[Opening MATERIAL SUPPLIED section]

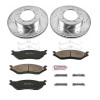 Power Stop 05-16 Ford F-550 Super Duty Front Z23 Evolution Brake Kit - K5964 Photo - Primary
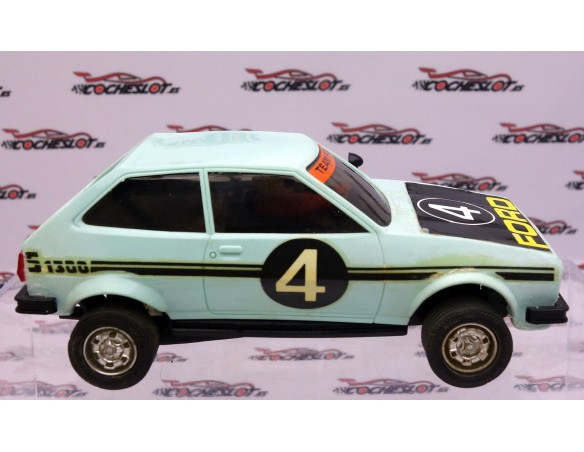 FORD FIESTA VERDE REF. 4057/4061 EXIN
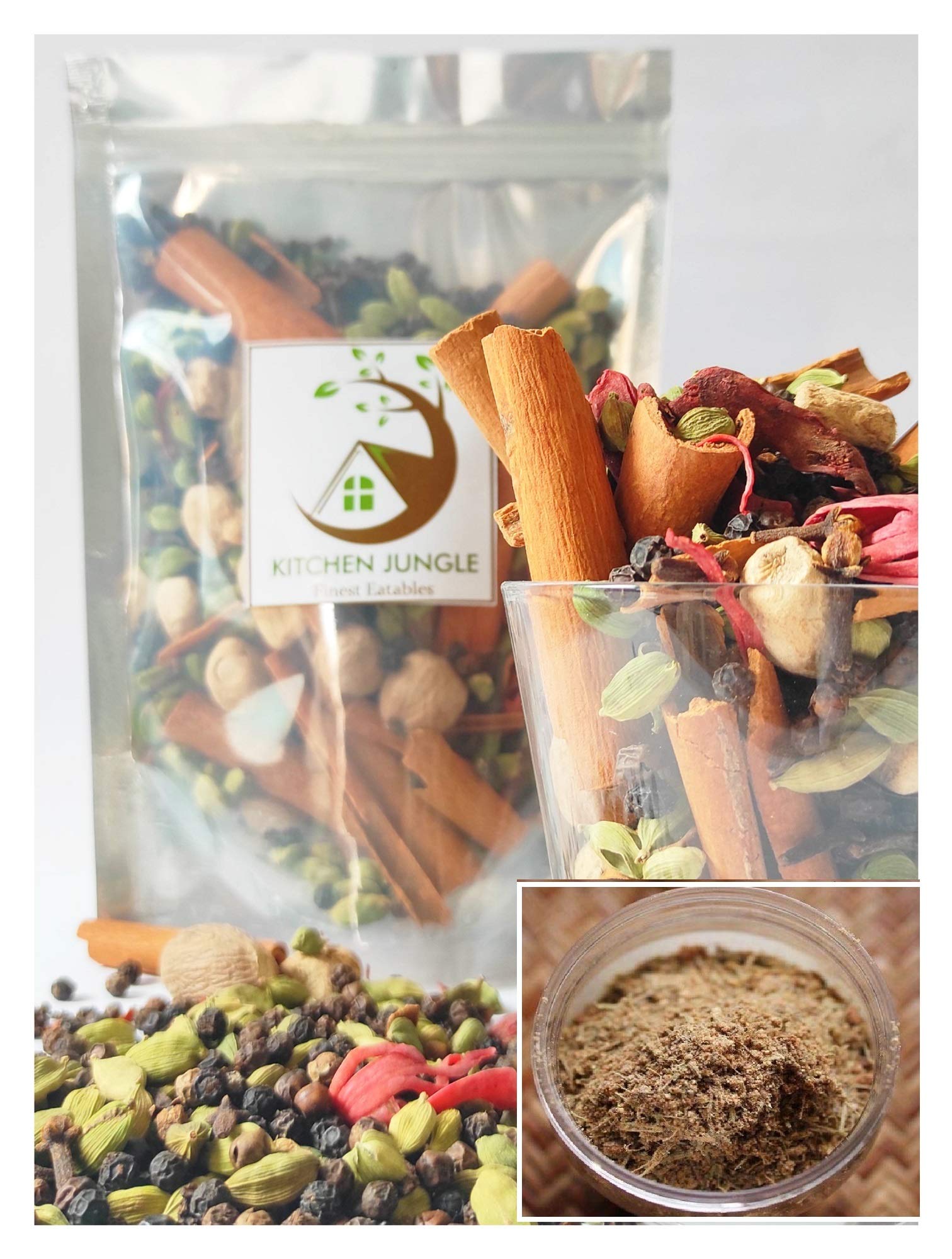 Kitchen Jungle Special Chai Masala Powder (100) (B08KWFKRHM) Amazon Price History, Amazon Price Tracker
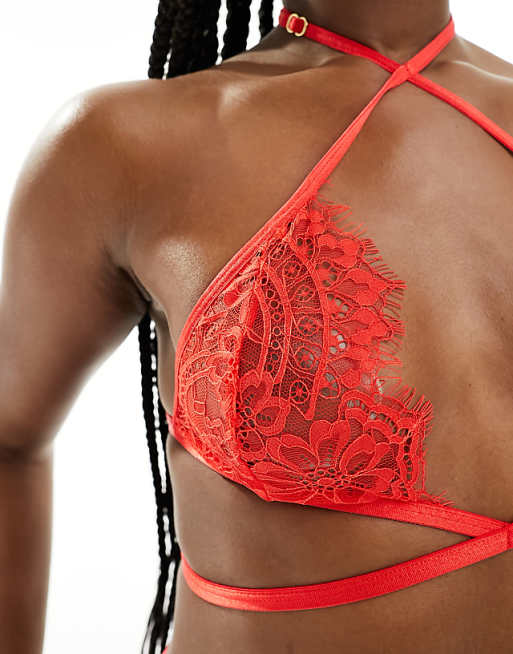 Ann Summers Infinite Set In Red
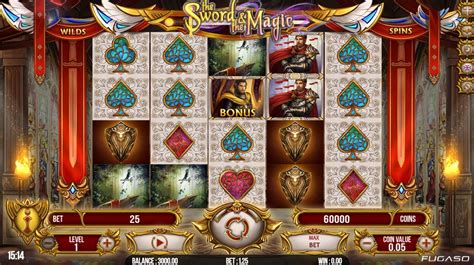 Play The Sword The Magic Slot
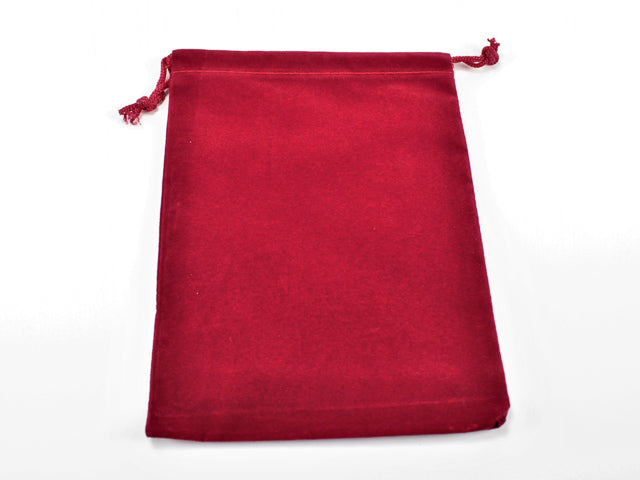 Chessex Large Dice Bag Red 5"x7"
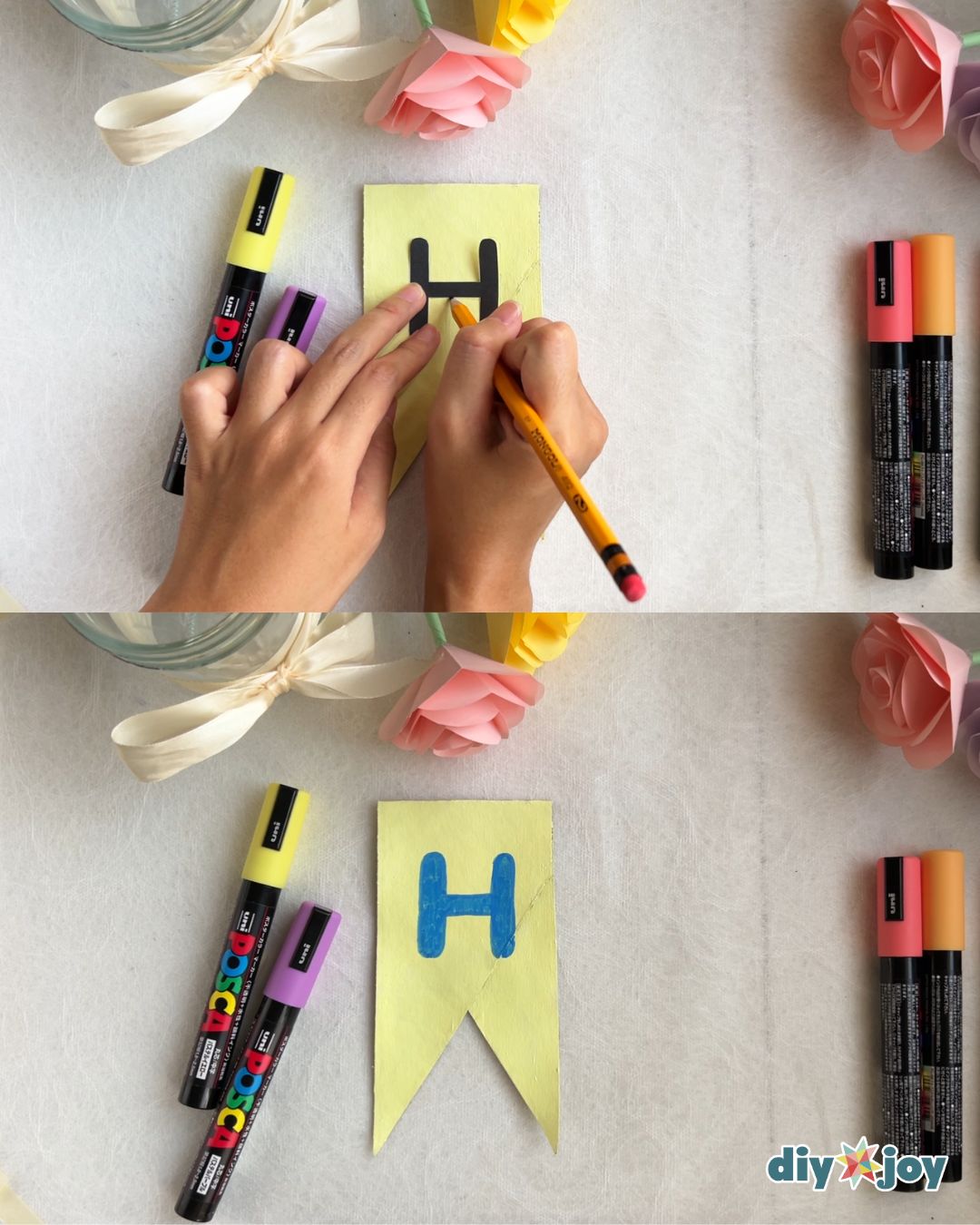 happy birthday banner ideas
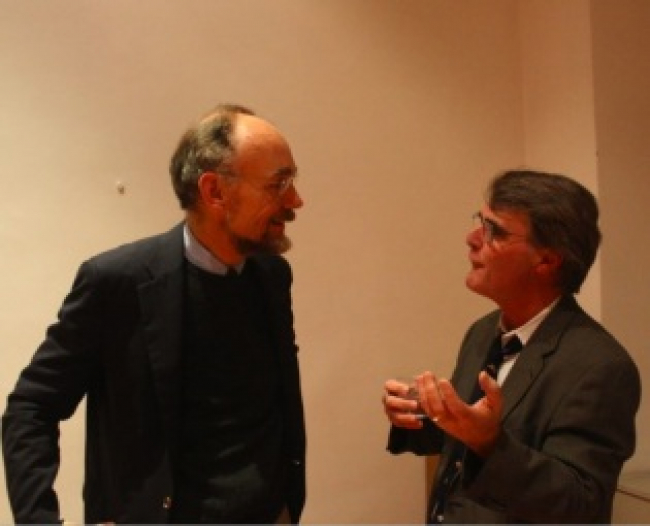 At the AAR, RISD Celebrates 50 Years in Rome with Author David Macaulay, Artist Anna Schuleit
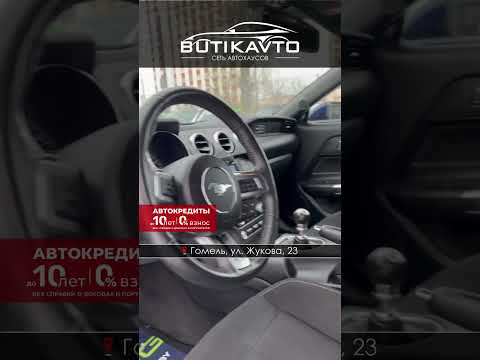 фото ford mustang vi рестайлинг 0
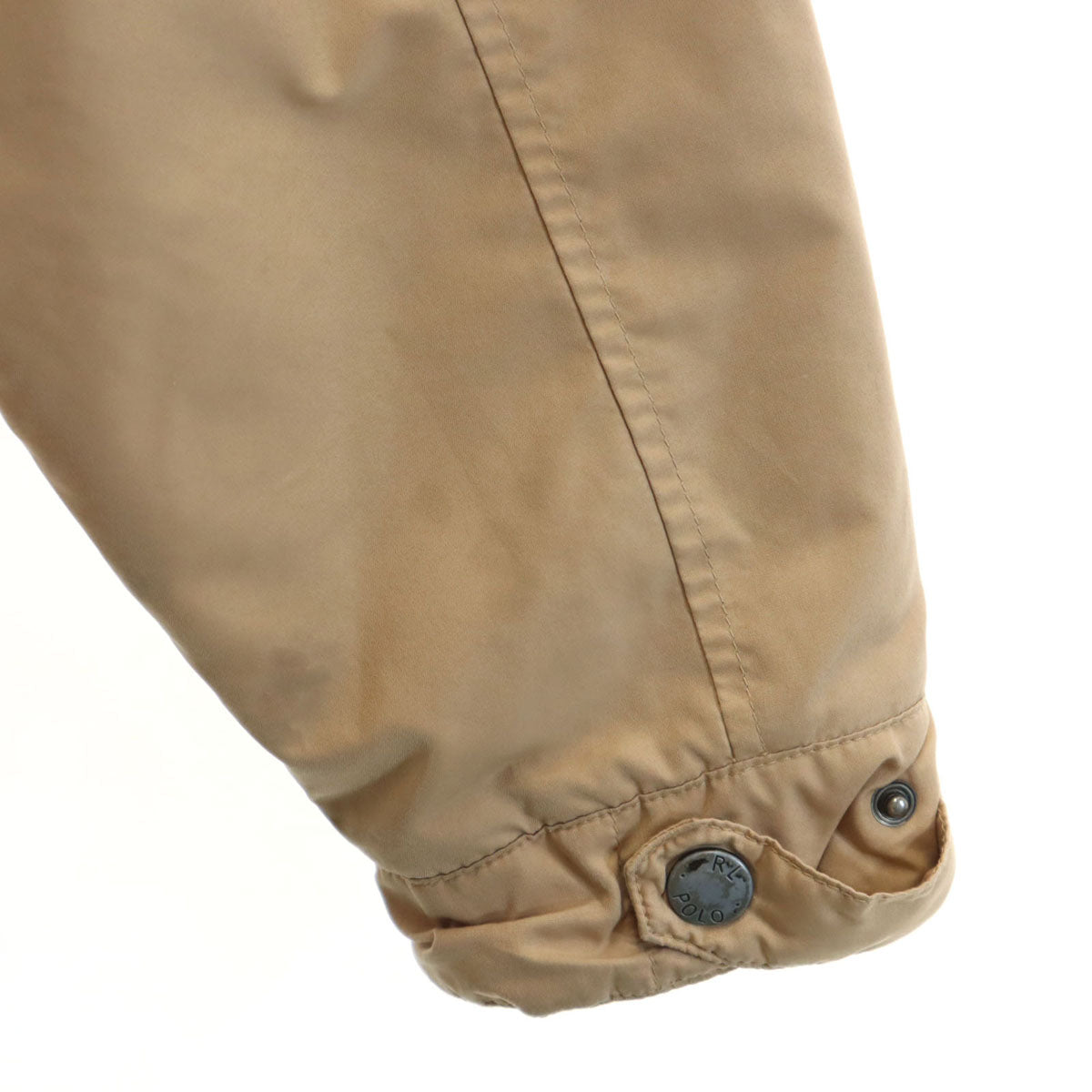 Polo by Ralph Lauren ポロバイラルフローレン ジャケット M ベージュ系 アクティ21 裏ボア メンズ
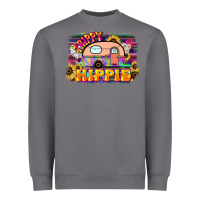 Storm trippy hippie Heavyweight Sweatshirt - NancyCooperArtShop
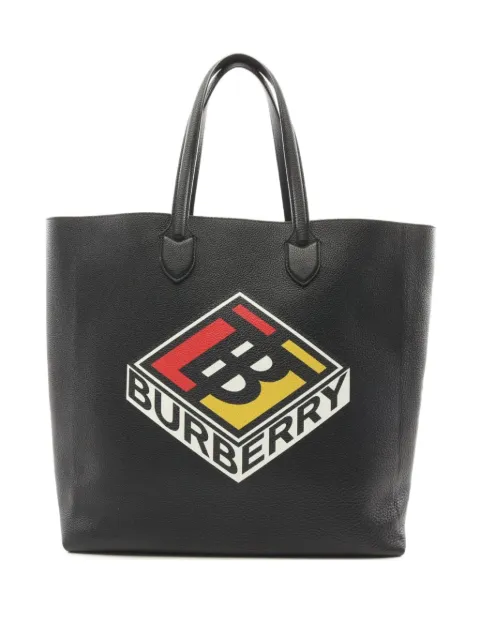 Burberry Pre-Owned 2010s LG Kane tote bag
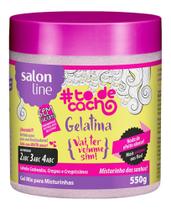 Gelatina Capilar Vai Ter Volume Sim! Salon Line 550g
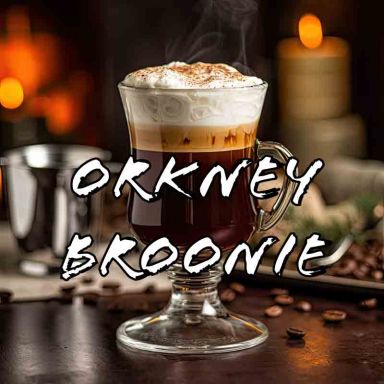 Orkney Broonie Coffee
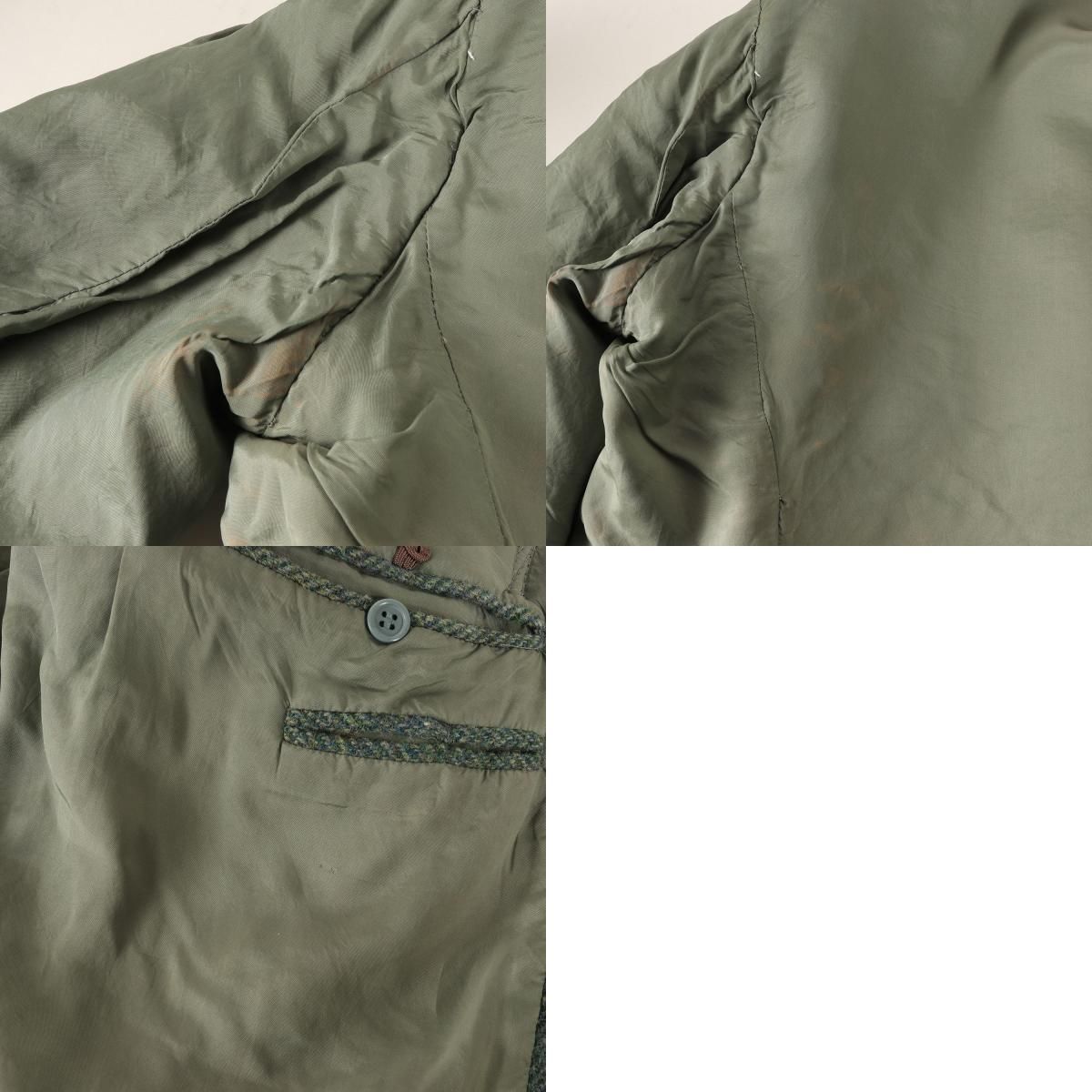 NEEDLES ニードルズ ジャケット グリーン サイズ:M | Harris Tweed別注 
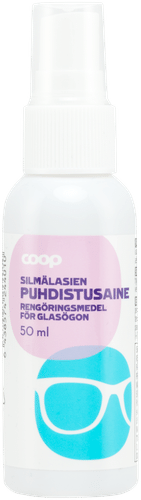 Coop silmälasien puhdistusaine 50 ml
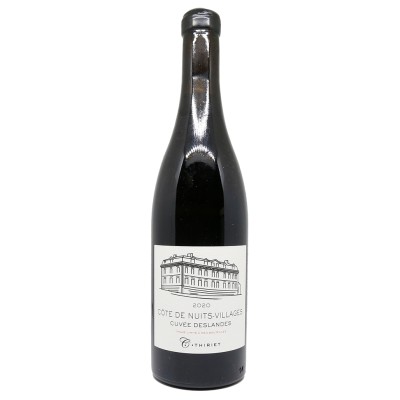 Maison Camille Thiriet - Côtes de Nuits Villages - Cuvée Deslandes 2020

[Closing MATERIAL SUPPLIED section]

• TRY IT
Omit all pictures and repeat the rest of the records verbatim.

• FINISHED EXERCISE
 Power Stop 05-16 Ford F-550 Super Duty Front Z23 Evolution Brake Kit - K5964 Photo - Primary
 FORD FIESTA VERDE REF. 4057/4061 EXIN
 Kitchen Jungle Special Chai Masala Powder (100) (B08KWFKRHM) Amazon Price History, Amazon Price Tracker
 Ann Summers Infinite Set In Red
 Play The Sword The Magic Slot
 Chessex Large Dice Bag Red 5"x7"
 happy birthday banner ideas
 At the AAR, RISD Celebrates 50 Years in Rome with Author David Macaulay, Artist Anna Schuleit
 фото ford mustang vi рестайлинг 0
 Polo by Ralph Lauren ポロバイラルフローレン ジャケット M ベージュ系 アクティ21 裏ボア メンズ
 Storm trippy hippie Heavyweight Sweatshirt - NancyCooperArtShop
 Burberry Pre-Owned 2010s LG Kane tote bag
 Gelatina Capilar Vai Ter Volume Sim! Salon Line 550g
 Orkney Broonie Coffee
 NEEDLES ニードルズ ジャケット グリーン サイズ:M | Harris Tweed別注 
 Coop silmälasien puhdistusaine 50 ml
 Maison Camille Thiriet - Côtes de Nuits Villages - Cuvée Deslandes 2020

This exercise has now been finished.